Technologies in which ABS resin is formulated with other polymers have also been proposed. For example, incorporation of thermoplastic polyester elastomers (Japanese Unexamined Patent Publication No. 132762/1992, Japanese Unexamined Patent Publication No. 170451/1992), addition of a higher fatty acid triglyceride to acrylonitrile-enriched ABS resin (Japanese Unexamined Patent Publication No. 154858/1992), the use of acrylonitrile-enriched acrylic rubber-modified graft and butadiene rubber-modified graft in combination (Japanese Unexamined Patent Publication No. 170460/1992), the use of ethylene-propylene rubber-modified graft and butadiene rubber-modified graft in combination (Japanese Unexamined Patent Publication No. 170461/1992), the use of ethylene-propylene rubber-modified graft and acrylic rubber-modified graft in combination (Japanese Unexamined Patent Publication No. 170462/1992), and addition of a polyester (Japanese Unexamined Patent Publication No. 17658/1993) can be mentioned by way of example. Although these technologies certainly contribute to chlorofluorocarbon resistance, none of them are fully satisfactory in the effect achieved.
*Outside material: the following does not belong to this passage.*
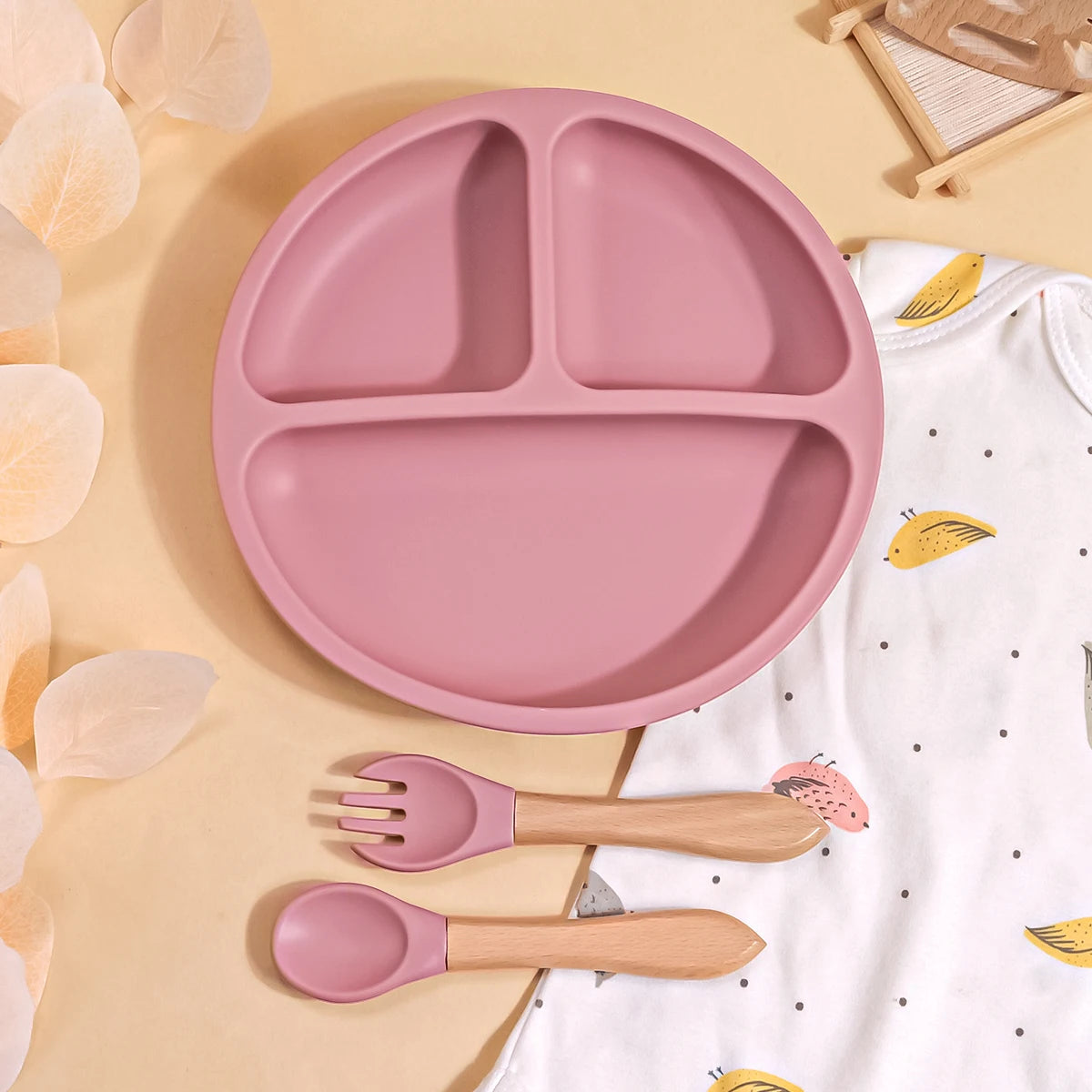 Baby Silicone Feeding Set Suction Plate Divided Plate Spoon Fork Silicone Bibs Children Tablewar 3PCS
In addition, the use of an agglomerate for the rubber or graft component of ABS resin has also been proposed. Thus, the technology employing an agglomerated rubber as the rubber component (Japanese Examined Patent Publication No. 30034/1977), the technology which comprises grafting a small proportion of a compound to the rubber component (a low grafting degree) and causing the resulting graft polymer to undergo agglomeration and enlargement (Japanese Examined Patent Publication No. 27378/1990), and the technology which comprises grafting a small proportion of a compound to the rubber component, causing the resulting graft polymer to undergo agglomeration and enlargement to form clusters, and finally grafting a larger amount of the compound (Japanese Unexamined Patent Publication No. 25227/1993) can be mentioned by way of example. These technologies are also contributory to enhanced chlorofluorocarbon resistance but are never fully satisfactory.
There has, thus, been a long-standing need for a new material having improved chlorofluorocarbon resistance (i.e. not easily undergoing cracking on contact with said substitutes) without being compromised in the characteristically excellent mechanical properties, thermal stability and processability of ABS resin.